The founders of The Chinky Homo Project, friends and fellow queer activists Kumam Davidson and Pavel Sagolsem, chose to store and display narratives by and for queer people from Northeast India in a digital anthology hosted by an online blog and by Instagram, Facebook, and Twitter pages.  The project came out in 2018, after years of friendship between the two, but also after years of involvement with the Indian national queer movement. Indeed, both of them had moved out of the region to mainland India for their studies, and the national queer movement as well as some of its local branches soon became their fields of action. As Pavel explained during the interview: “My exploration of queer movement, queer identity, queer perspective actually happened outside of home”[43]. Since 2012, many young queer activists began taking up the floor alongside their seniors, and many of those new faces happened to be from the Northeast. It was then that Pavel and David met each other and later became close friends. As Pavel recalled: “I moved to Delhi in 2012 and by that time I was already one the of the youngest queer activists, quite known all over the country. David too.

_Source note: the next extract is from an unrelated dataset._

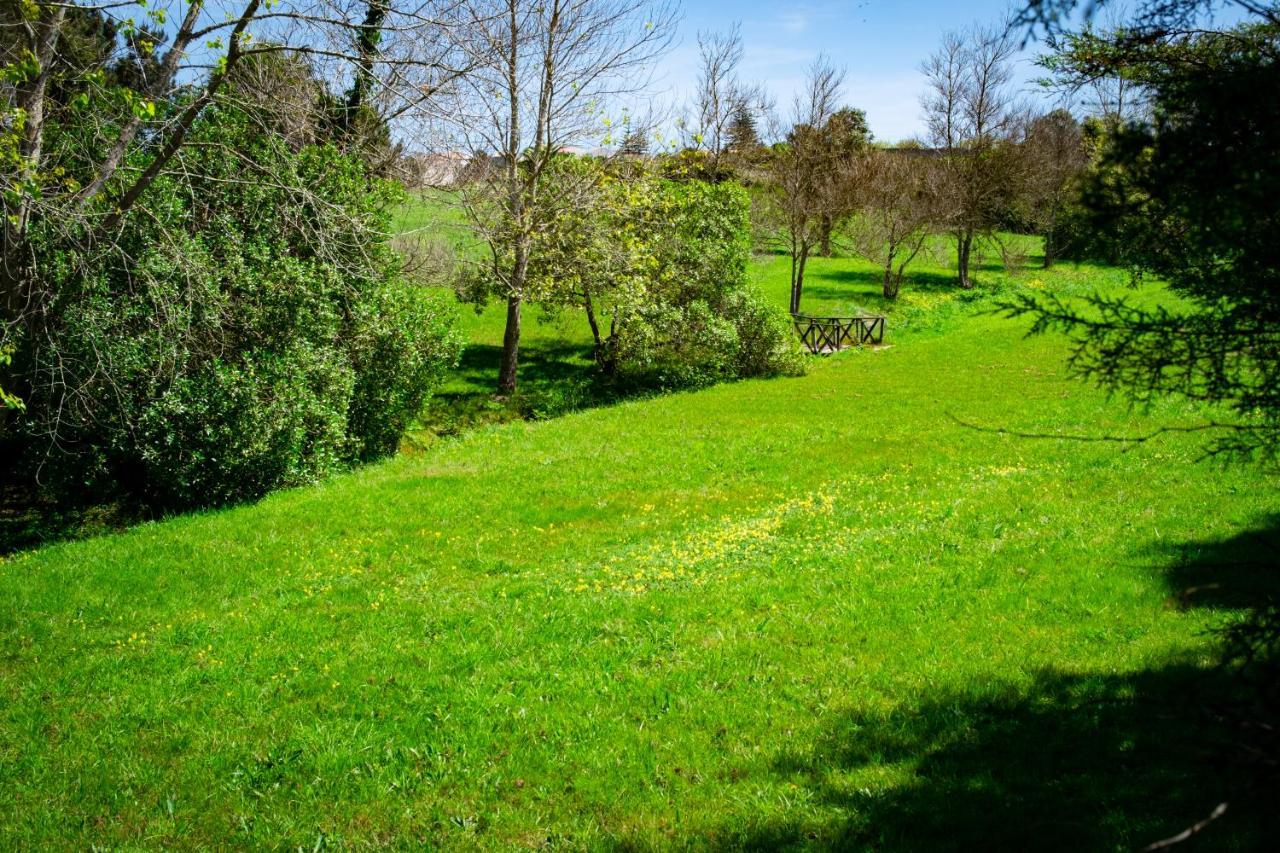 Hotel Rural Quinta Do Juncal Serra d'El-Rei Екстериор снимка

We were also some of the most vocal queer young people from the Northeast”[44].

While discussing their experiences of queerness with each other – of the importance of issues like representation of Northeastern subjects in the queer movement and in media, but also of what it actually meant to grow up queer in the different Northeastern states – they soon realized that, among other things, they shared a strong sense of isolation. This feeling was accompanied and fueled by the perception of an absence: absence of stories, books in the school curricula, novels, or any other kind of narratives from or about Northeast India depicting queerness. That’s how Pavel described this scenario[45]:

 

[A]lthough I don’t want to generalize, many of us have been looking out for literatures or any sort of narrative. Because growing up in a heterosexual society, in a heteronormative society, all we see around us was heteronormative ideals and narratives. Even though we knew it consciously or unconsciously, we were looking up for narratives of people who do not necessarily conform to heteronormative expectations. Narratives, stories, or anything which would really affirm our sense of selves and take us out of that sense of isolation.

 

The creative power ascribed to literature and stories is impressive – affirming one’s sense of self, taking people out of their sense of isolation – and thus the lack of such narratives is just as meaningful. Another matter they reflected upon was the shift they felt happening once they got out of the region, and the empowering effect it had on them: they went from feeling alone and isolated to realizing that indeed there were other people like them; from experiencing a sly sense of self-loathing, to celebrating themselves and their queer uniqueness. Crossing the border of the region and physically entering the realm of the national queer movement thus constituted a crucial moment in Pavel and David’s queerness journeys. However, the awareness that only such a movement out of Northeast and into mainland India allowed them to grow more confident and empowered made them conscious about the urgent necessity of rooting queerness in the region, too.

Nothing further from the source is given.